Input data:

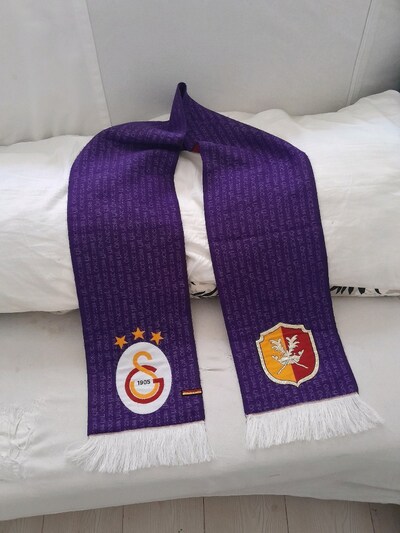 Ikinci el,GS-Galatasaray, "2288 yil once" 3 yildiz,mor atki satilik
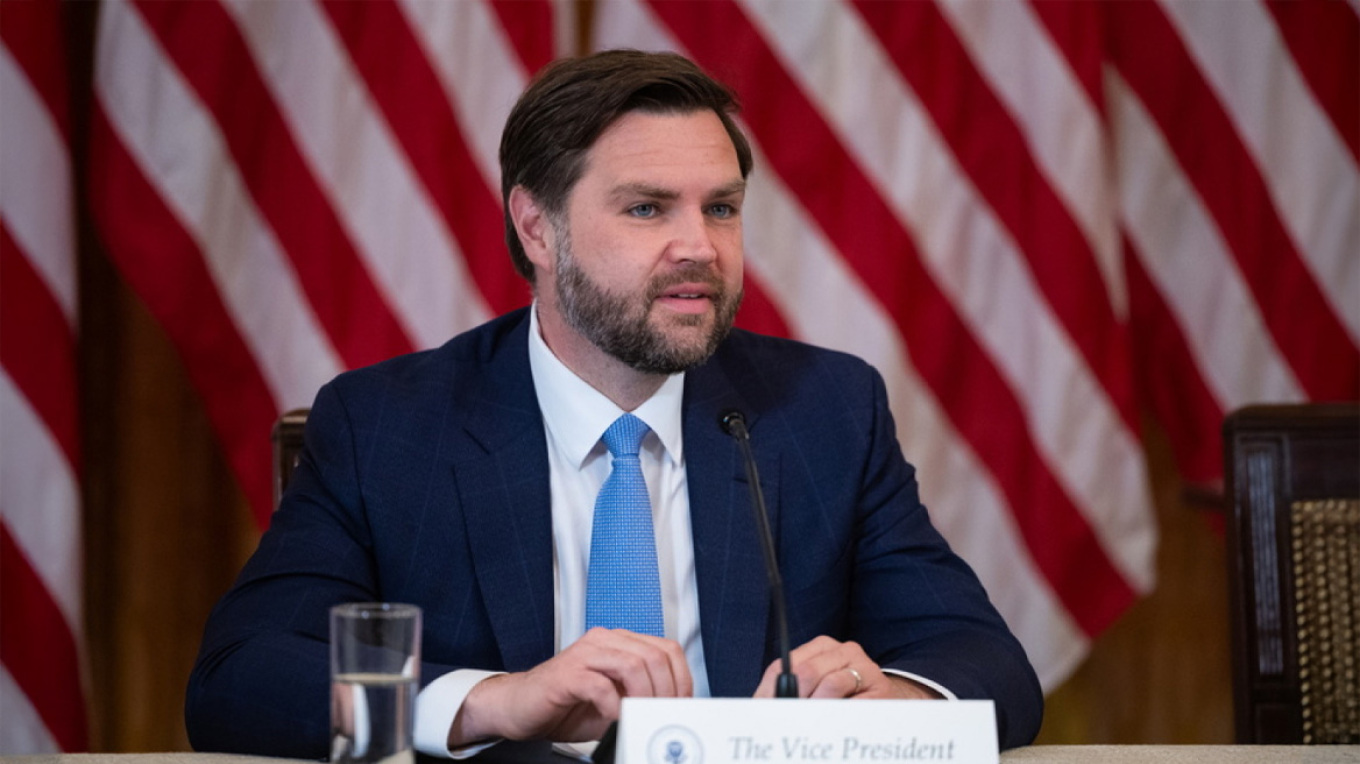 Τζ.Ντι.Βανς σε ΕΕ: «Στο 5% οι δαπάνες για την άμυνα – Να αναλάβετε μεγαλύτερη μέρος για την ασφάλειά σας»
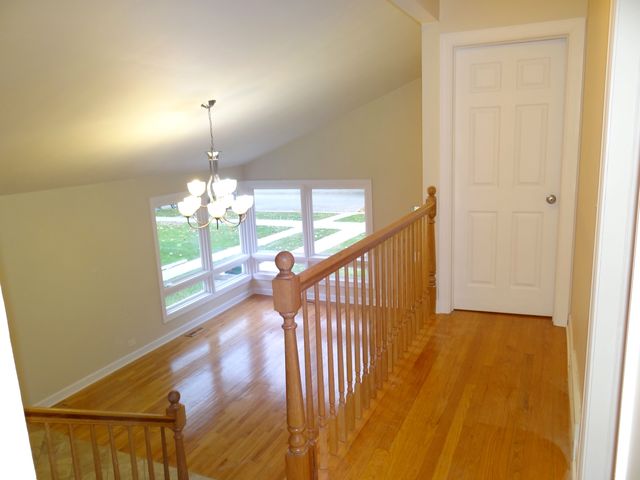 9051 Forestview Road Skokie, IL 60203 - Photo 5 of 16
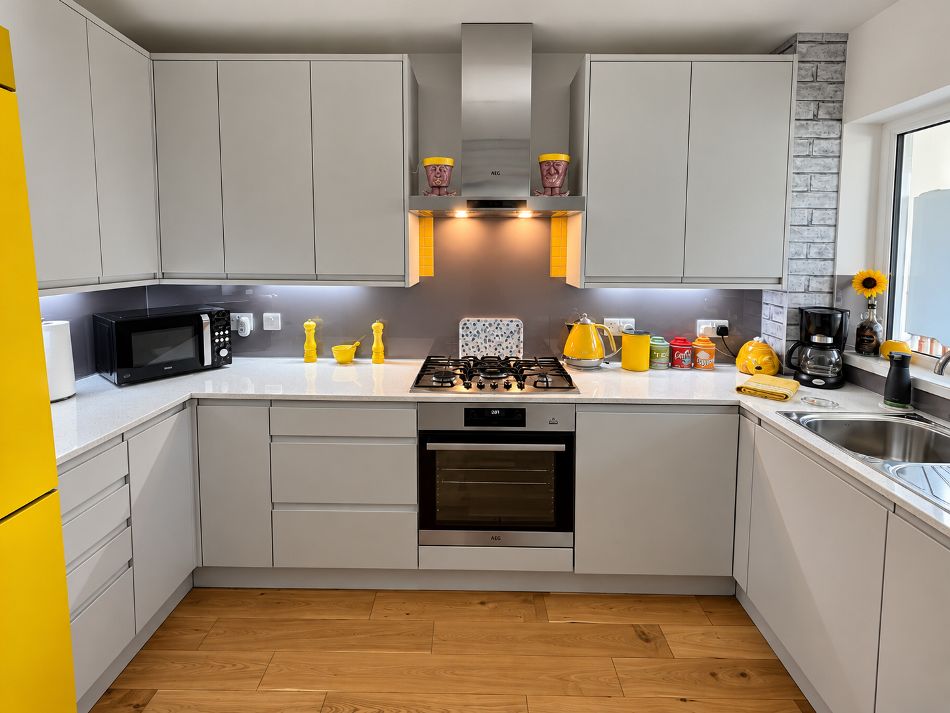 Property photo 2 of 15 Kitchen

Aim of the exercise: Repeat the data above exactly, images excluded.

Result of the exercise:
 Ikinci el,GS-Galatasaray, "2288 yil once" 3 yildiz,mor atki satilik
 Τζ.Ντι.Βανς σε ΕΕ: «Στο 5% οι δαπάνες για την άμυνα – Να αναλάβετε μεγαλύτερη μέρος για την ασφάλειά σας»
 9051 Forestview Road Skokie, IL 60203 - Photo 5 of 16
 Property photo 2 of 15 Kitchen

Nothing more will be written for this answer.